Automatic Differentiation

As mentioned in the Minimizing a function section, it is possible to avoid passing gradients even when using gradient based methods. This is because Optim will call the finite central differences functionality in Calculus.jl in those cases. The advantages are clear: you do not have to write the gradients yourself, and it works for any function you can pass to Optim. However, there is another good way of making the computer provide gradients: automatic differentiation. Again, the advantage is that you can easily get gradients from the objective function alone. As opposed to finite difference, these gradients are exact and we also get Hessians for Newton's method. They can perform better than a finite differences scheme, depending on the exact problem. The disadvantage is that the objective function has to be written using only Julia code, so no calls to BLAS or Fortran functions.

Let us consider the Rosenbrock example again.

function f(x)
    return (1.0 - x[1])^2 + 100.0 * (x[2] - x[1]^2)^2
end

function g!(storage, x)
    storage[1] = -2.0 * (1.0 - x[1]) - 400.0 * (x[2] - x[1]^2) * x[1]
    storage[2] = 200.0 * (x[2] - x[1]^2)
end

function h!(storage, x)
    storage[1, 1] = 2.0 - 400.0 * x[2] + 1200.0 * x[1]^2
    storage[1, 2] = -400.0 * x[1]
    storage[2, 1] = -400.0 * x[1]
    storage[2, 2] = 200.0
end

initial_x = zeros(2)

Let us see if BFGS and Newton's Method can solve this problem with the functions provided.

julia> Optim.minimizer(optimize(f, g!, h!, initial_x, BFGS()))
2-element Array{Float64,1}:
 1.0
 1.0

julia> Optim.minimizer(optimize(f, g!, h!, initial_x, Newton()))

2-element Array{Float64,1}:
 1.0
 1.0

This is indeed the case. Now let us use finite differences for BFGS.

julia> Optim.minimizer(optimize(f, initial_x, BFGS()))
2-element Array{Float64,1}:
 1.0
 1.0

Still looks good. Returning to automatic differentiation, let us try both solvers using this method. We enable forward mode automatic differentiation by adding autodiff = :forward when we construct a OnceDifferentiable instance.

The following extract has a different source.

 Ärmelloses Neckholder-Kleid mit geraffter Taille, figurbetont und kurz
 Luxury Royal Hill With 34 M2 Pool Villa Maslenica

julia> od = OnceDifferentiable(f, initial_x; autodiff = :forward);

julia> Optim.minimizer(optimize(od, initial_x, BFGS()))
2-element Array{Float64,1}:
 1.0
 1.0

julia> td = TwiceDifferentiable(f, initial_x; autodiff = :forward)

julia> Optim.minimizer(optimize(td, initial_x, Newton()))
2-element Array{Float64,1}:
 1.0
 1.0

Indeed, the minimizer was found, without providing any gradients or Hessians.